San Francisco-based World Labs’ AI-based tool, Marble, enables users to create 3D environments and objects from images, video or text.
In the blog post, Anagnost focused on the future of physical-world AI, or AI that can impact how humans design and build structures in the real world.
Alongside that emphasis, Anagnost called out the groundswell of funding that’s heading toward other, more common facets of AI, such as hyperscalers and large language models. Anagnost said that Autodesk’s investment signals something else.
“Our investment in World Labs represents a different path, focused on solving the hardest problems in designing, building, and operating the physical world, guided by human needs and domain expertise rather than scale alone,” Anagnost wrote.
Indeed, startups that have focused on AI for real-world tools have seen success. Irvine, California-based FieldAI, a startup that focuses on physical artificial intelligence for robots, announced over the summer that it had raised $405 million across two consecutive funding rounds.

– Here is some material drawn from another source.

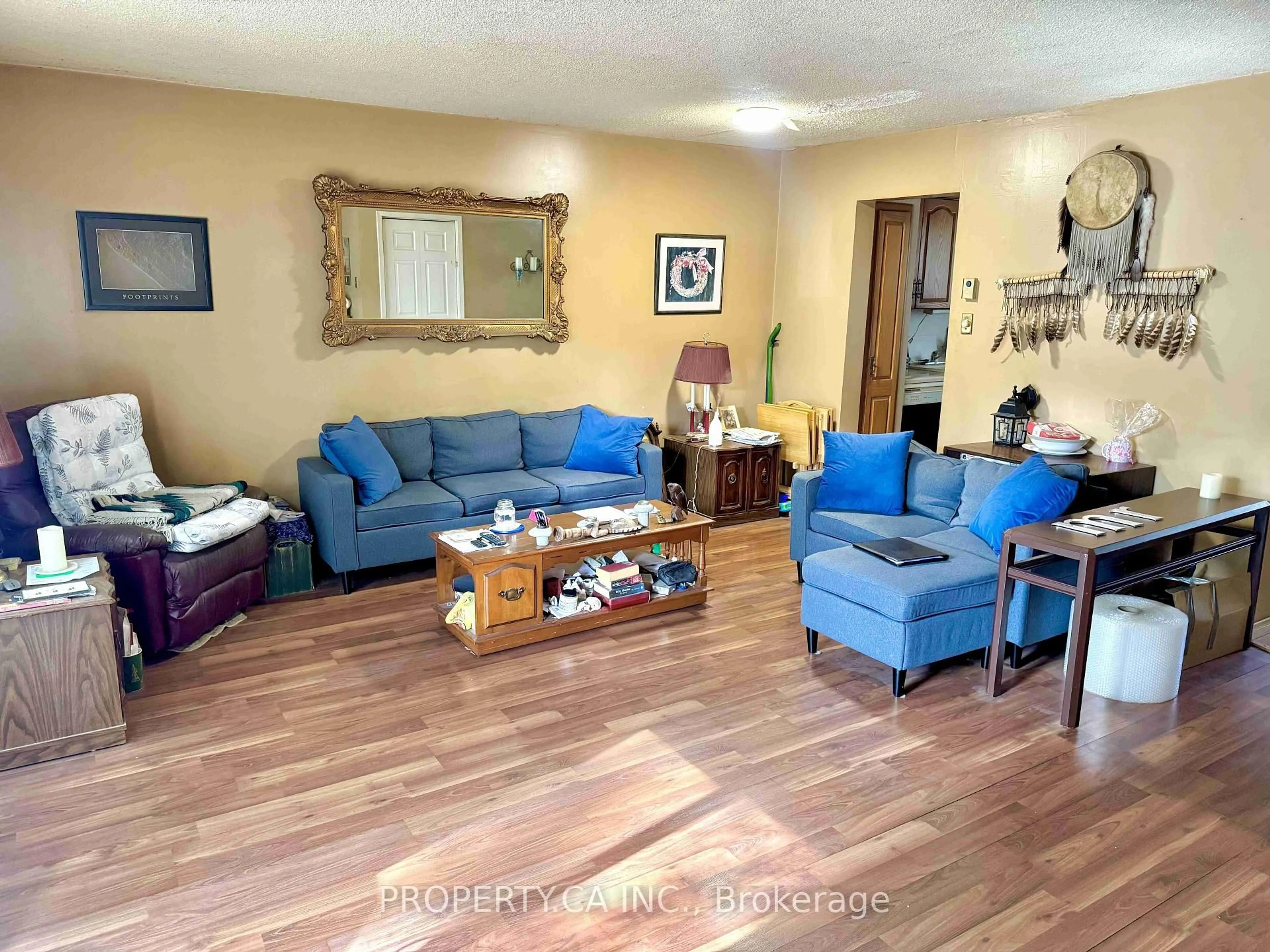 Living room with furniture, wood/laminate floor for 296 Wilson Dr, Milton Ontario L9T 3K2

Other investors in World Labs include AMD, Emerson Collective, Fidelity Management & Research, NVIDIA and Sea, according to World Labs’ news release.
NVIDIA in particular has been active in the construction space. Through its venture capital arm NVentures, the company participated in FieldAI’s funding rounds and the $270 million Series B of Bedrock Robotics, which retrofits traditional heavy machinery with autonomous technology.

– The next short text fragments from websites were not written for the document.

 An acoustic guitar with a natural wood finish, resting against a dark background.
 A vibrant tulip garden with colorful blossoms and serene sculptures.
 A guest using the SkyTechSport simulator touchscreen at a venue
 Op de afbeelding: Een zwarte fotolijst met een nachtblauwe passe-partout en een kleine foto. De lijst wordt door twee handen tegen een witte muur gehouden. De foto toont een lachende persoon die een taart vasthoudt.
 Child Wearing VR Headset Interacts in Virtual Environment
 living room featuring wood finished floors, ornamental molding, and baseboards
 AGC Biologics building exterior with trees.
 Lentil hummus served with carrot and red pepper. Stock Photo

With Autodesk’s investment into World Labs, the firm will also serve as a strategic advisor. In that role, Autodesk will focus on exchanging ideas and strengthening its long-term AI foundation, per Anagnost’s blog post.
Autodesk sees robotics and physical AI becoming more embedded in construction workflows, Lalith Subramanian, global vice president of product and engineering, told Construction Dive via email.
“As AI becomes capable of reasoning in 3D, it will power more intelligent automation across the built environment—from design and prefabrication to progress tracking during construction, to inspection, reality capture, and digital twins,” Subramanian said.
The investment follows staff reductions at the contech giant. On Jan. 22, Autodesk announced that it would lay off approximately 7% of its workers globally, or around 1,000 jobs. The impact was most felt in its customer-facing sales teams.